At each step, the search checks the middle element of the active region. If the middle element is the target element, the search terminates. Otherwise, the search recursively continues to the left or right half of the region, depending on the value of the middle element.

The above idea can be implemented as follows:

#![allow(unused)]
fn main() {
let array = vec![1,3,4,6,7,8,9];
let x = 4;
let n = array.len();
let mut i = 0;
let mut a = 0;
let mut b = n-1;
println!("The full array is {array:?}");
println!("I search for {x:?}");
while a <= b {
    let k = (a+b)/2;
i += 1;
println!("Step {i}: I'm searching in {:?}", &array[a ..= b]);
    if (array[k] == x) {
        // x found at index k
println!("FOUND!");
    }
    if array[k] > x {b = k-1}
    else {a = k+1}
}
}

In this implementation, the active region is $a \ldots b$, and initially the region is $0 \ldots n-1$. The algorithm halves the size of the region at each step, so the time complexity is $O(\log n)$.

Method 2

An alternative method to implement binary search is based on an efficient way to iterate through the elements of the array. The idea is to make jumps and slow the speed when we get closer to the target element.

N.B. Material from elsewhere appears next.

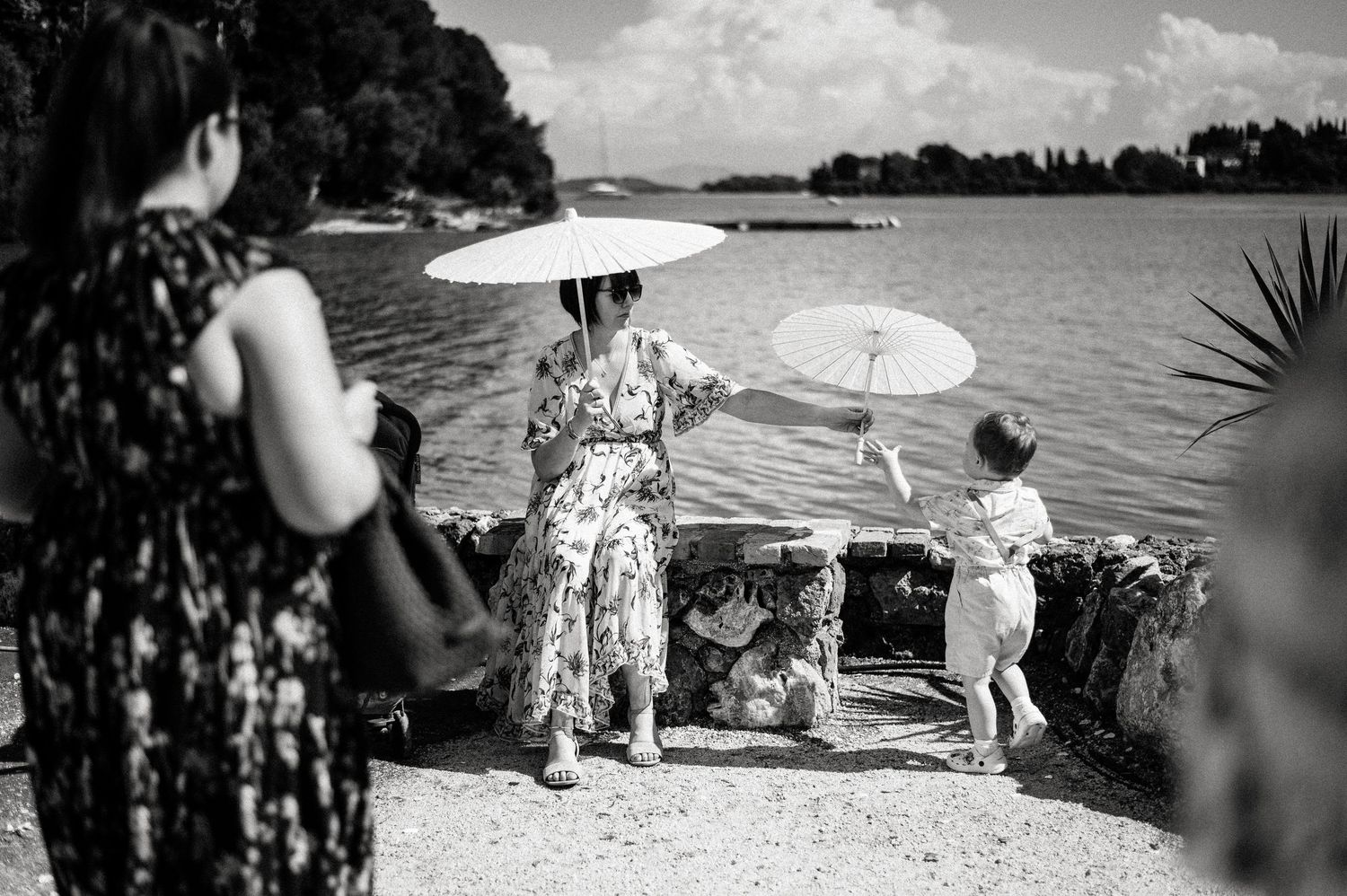 Wedding party walking along a scenic path holding white parasols on a sunny day.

The search goes through the array from left to right, and the initial jump length is $n/2$. At each step, the jump length will be halved: first $n/4$, then $n/8$, $n/16$, etc., until finally the length is 1. After the jumps, either the target element has been found or we know that it does not appear in the array.

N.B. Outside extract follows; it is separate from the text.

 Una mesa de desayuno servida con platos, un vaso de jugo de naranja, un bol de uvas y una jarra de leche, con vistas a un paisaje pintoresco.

The following code implements the above idea:

#![allow(unused)]
fn main() {
let array = vec![1,3,4,6,7,8,9];
let x = 4;
let n = array.len();
println!("The full array is {array:?}");
println!("I search for {x:?}");
let mut k = 0;
let mut b = n/2;
while b >= 1{
println!("Current jump length is {b}");
    while k+b < n && array[k+b] <= x {k += b}
    b /= 2;
}
if (array[k] == x) {
    // x found at index k
println!("FOUND!");
}
}

During the search, the variable $b$ contains the current jump length. The time complexity of the algorithm is $O(\log n)$, because the code in the second while loop is performed at most twice for each jump length.

Rust functions

The Rust standard library contains the following functions that are based on binary search and work in logarithmic time:

  • binary_search returns a Result<usize, usize>, if it found the value it returns Ok(index) with the index of the element, if it does not found the element it return an Err(index) with the index where the element should be
  • binary_search_by it is similar to binary_search but it accept a comparator function as closure
  • binary_search_by_key it is like binary_search but it consider only one element of the data structure (the key), for example if a vector of tuples is sorted by its .0 element you can use this function to make a search on the same .0 key element

The functions assume that the array is sorted. For example, the following code finds out whether an array contains an element with value $x$:

#![allow(unused)]
fn main() {
let array = vec![1,3,4,6,7,8,9];
let x = 4;
let n = array.len();
println!("The full array is {array:?}");
println!("I search for {x:?}");
println!("___");
match array.binary_search(&x){
    Ok(k) => println!("{x} found at index {k}"),
    Err(k) => println!("{x} should be inserted at index {k}"),
}
}

Iterators

In rust, another very common solution to solve problems involving a search or if you want to perform operations on elements of a collection, or even filter it, is to use iterators.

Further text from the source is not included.